The component of a vector a that is in the same direction as of vector b (Hence projection is a vector) Length of the projection does not depend on the length(magnitude) of b. See the image below

enter image description here

Projection has two parts:

(i) The direction where you're projecting onto. That's the unit vector in direction of b, which is computed by dividing b by the length of b. That is $$\frac{b}{||b||}$$

(ii) The component of a in the direction of b. That is, the "shadow" or image of a when you project it onto b. This is computed by $$\frac{a⋅b}{||b||}$$ . because a⋅b=||a|| ||b|| cos(θ).
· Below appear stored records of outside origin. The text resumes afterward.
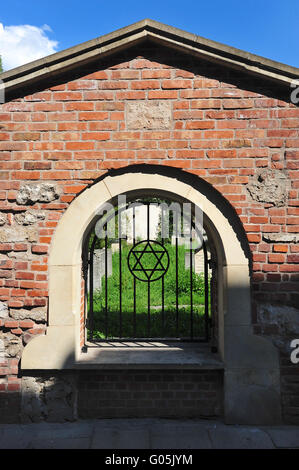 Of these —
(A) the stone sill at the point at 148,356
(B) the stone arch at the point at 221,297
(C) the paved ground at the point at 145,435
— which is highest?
(B) the stone arch at the point at 221,297

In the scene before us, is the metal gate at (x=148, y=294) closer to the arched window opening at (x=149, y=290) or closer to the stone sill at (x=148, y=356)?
the arched window opening at (x=149, y=290)

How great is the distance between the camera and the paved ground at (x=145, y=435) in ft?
8.53

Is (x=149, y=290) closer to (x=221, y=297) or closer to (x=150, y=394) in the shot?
(x=221, y=297)

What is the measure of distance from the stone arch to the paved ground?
0.17 metres

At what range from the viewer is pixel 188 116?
10.1 ft

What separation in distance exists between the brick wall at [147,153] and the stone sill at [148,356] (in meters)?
0.56

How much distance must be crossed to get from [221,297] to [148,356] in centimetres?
97

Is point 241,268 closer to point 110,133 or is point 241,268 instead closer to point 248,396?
point 248,396


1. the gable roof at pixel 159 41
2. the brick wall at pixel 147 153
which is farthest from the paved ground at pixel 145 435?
the gable roof at pixel 159 41

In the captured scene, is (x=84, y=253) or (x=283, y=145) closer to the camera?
(x=283, y=145)

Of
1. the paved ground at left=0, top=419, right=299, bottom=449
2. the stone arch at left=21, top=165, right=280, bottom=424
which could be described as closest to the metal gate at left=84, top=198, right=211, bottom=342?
the stone arch at left=21, top=165, right=280, bottom=424

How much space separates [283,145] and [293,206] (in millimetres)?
616

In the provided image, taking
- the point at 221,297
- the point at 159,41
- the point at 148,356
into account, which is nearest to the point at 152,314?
the point at 148,356

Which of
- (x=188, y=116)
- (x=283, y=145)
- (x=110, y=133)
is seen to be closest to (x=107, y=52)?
(x=110, y=133) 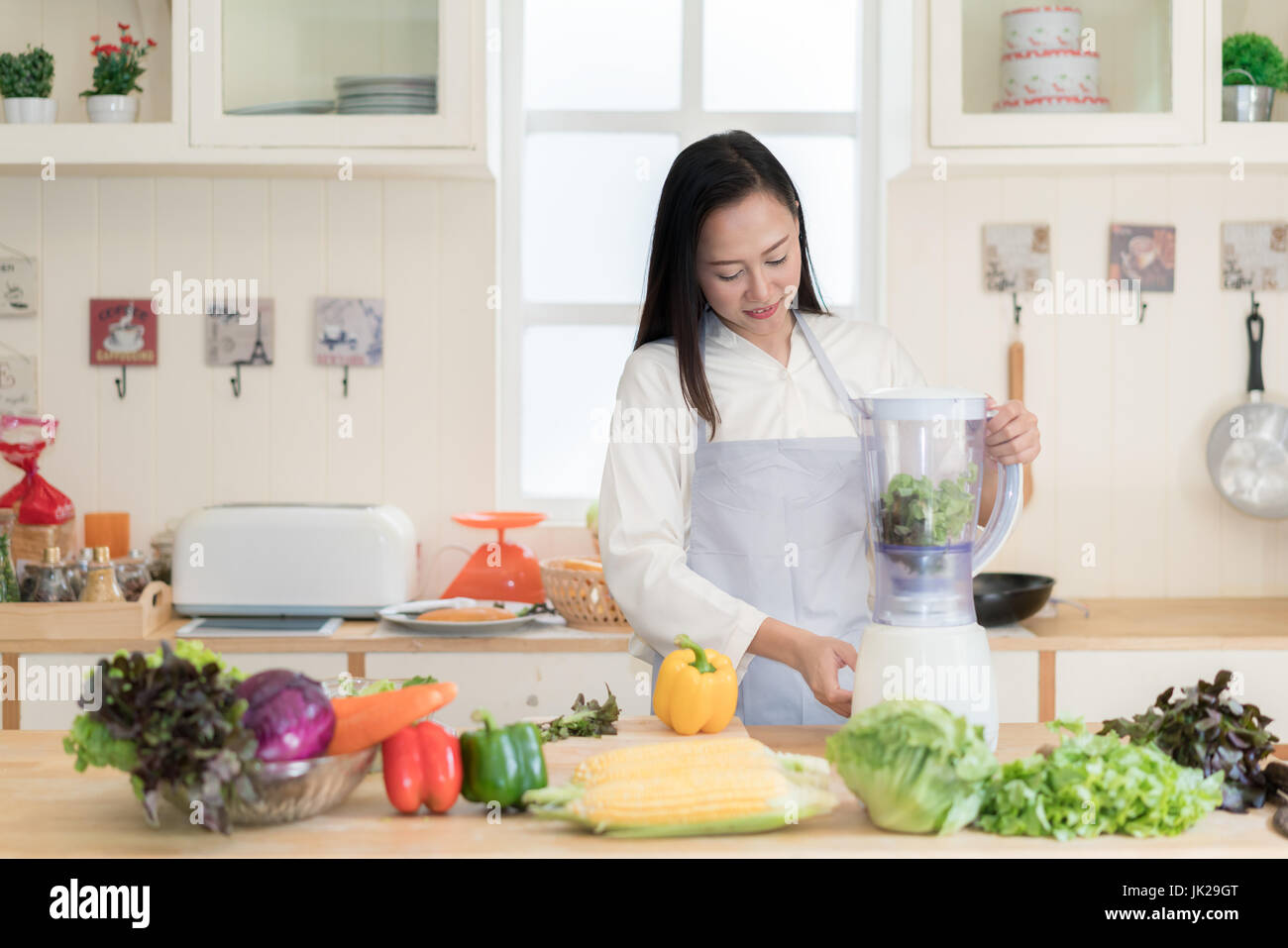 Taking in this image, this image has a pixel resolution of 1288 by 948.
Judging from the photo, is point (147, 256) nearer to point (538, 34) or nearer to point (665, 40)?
point (538, 34)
Hence

||a||cos(θ)= $\frac{a⋅b}{||b||}$
and that gives you (as in the triangle figure), the length of a's projection on the direction of b

Putting it together, the projection of a onto b is a vector of length $$\frac{a⋅b}{||b||}$$

in the direction of $\frac{b}{||b||}$, i.e. $$\frac{a.b}{||b||} \frac{b}{||b||} $$

Dot Product

It's simply the projection of one vector onto the other multiplied by the magnitude of other vector. The dot product tells you what amount of one vector goes in the direction of another (Thus its a scalar ) and hence do not have any direction .

a.b= ||a|| ||b|| cos(θ). Alternatively if a=(x1,y1) and b=(x2,y2) (Position vectors) the dot product is x1.x2+y1.y2 .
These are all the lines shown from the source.